## [SUPPLIED DATA]
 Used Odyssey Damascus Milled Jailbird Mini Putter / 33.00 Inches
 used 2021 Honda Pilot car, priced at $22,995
--
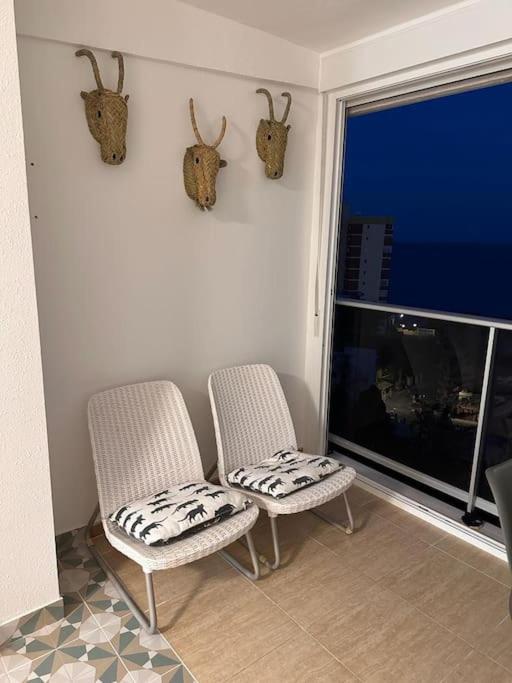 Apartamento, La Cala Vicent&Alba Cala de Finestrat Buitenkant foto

## [REQUIRED ACTION]
Could you write out, exactly as they stand, only the lines above that begin at the line with "Used Odyssey Damascus" and stop after the line with "used 2021 Honda Pilot car, priced at $22,995"?

## [SOLUTION TO THIS TASK]
 Used Odyssey Damascus Milled Jailbird Mini Putter / 33.00 Inches
 used 2021 Honda Pilot car, priced at $22,995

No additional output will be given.